We step out of that dream into the cold shower of life. I see so many of us, now jaded, few spirits intact. I ponder what might help us preserve idealistic hearts. I know that teaching is a part of the answer, connecting with those, like our younger selves, who have not yet faced the oft harsh realities of life. Beyond that, I have no easy answers, only questions.
We must hone a pragmatic edge, a shield for our tender souls, but do so without a hint of duplicity. We must be sharp as vipers and innocent as doves. We are dolphins in a shark world.

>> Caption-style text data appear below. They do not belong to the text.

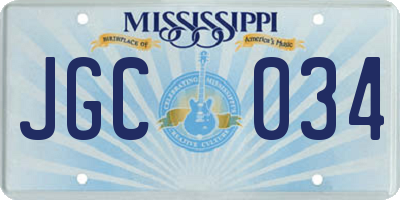 MS license plate JGC034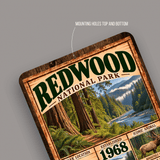 Close-up of rounded corners and predrilled mounting holes on the Redwood aluminum sign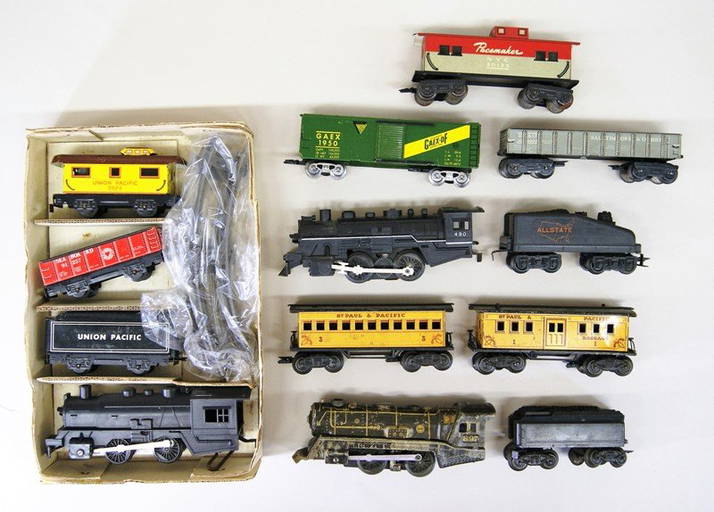 Three Vintage Marx Train Sets. All Steam Locomotives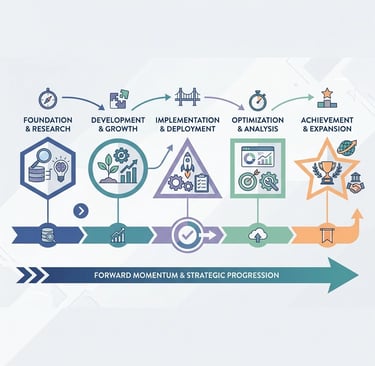 Strategic planning flowchart illustrating 12-month implementation timeline for workforce-technology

Service learning provides the tools for drawing students out of themselves and out of their potential self-centeredness. This is critical, especially in an age when education is increasingly treated as a commodity and students as consumers. Service learning also holds added benefits for me, the instructor. My teaching should always be other-centered. But in the context of service learning, my teaching can be centered on both my official students and on those whom we serve together. By reflecting on our shared experience, we can grow as members of the same academic community and fragile society. By shifting our orientation from “what can we gain?” to “what can we give?” we have hope of elevating the discussion to matters of lasting importance, doing so with maturity and integrity.
Technology is a double-edged sword. On the one hand, electronic communication is easier, faster, more various in form, simpler to track and to store. Digital means of discussion and lecture provide convenience for student and instructor alike. Perhaps most importantly, internet-driven forms of student-student and student-instructor contact cater to the strengths of many members of the current generation of first-time college students.

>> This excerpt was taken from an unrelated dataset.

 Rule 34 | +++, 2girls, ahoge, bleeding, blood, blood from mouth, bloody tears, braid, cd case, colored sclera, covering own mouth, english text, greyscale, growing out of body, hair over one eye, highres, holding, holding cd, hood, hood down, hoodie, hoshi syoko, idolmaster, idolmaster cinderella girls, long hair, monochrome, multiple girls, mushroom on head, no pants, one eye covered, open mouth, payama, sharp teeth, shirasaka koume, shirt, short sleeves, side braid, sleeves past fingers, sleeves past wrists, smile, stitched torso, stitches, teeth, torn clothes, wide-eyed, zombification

Yet I have failed as an educator if I do not draw my students outside of their comfort zone, even as they draw me out of mine. Technology is a tool, but it is not the only one; and it should not become a crutch. Especially for those of us who teach disciplines in which reflection and introspection are primary, it is perhaps more important for us to find ways of incentivizing time for students to unplug, to face themselves undistracted by the noise of the media in which they are typically immersed, and to face others, giving them the gift of unhurried time.
I am eager to use learning technologies to an increasing degree in the classroom; however, I will do so while simultaneously charging my students to take periodic fasts and retreats from our high quantity, often low-quality culture of electronic communication. They have more to learn from a weekend without email, Twitter, and Facebook than I have to teach on an average PowerPoint.
Today begins the strange adventure of bringing my professional life to the web. My hope is that this will provide a helpful forum for connecting with students and fellow professional educators and researchers. However, this tool could become a diversion from more tried and tested forms of pursuing and sharing knowledge. Time will tell.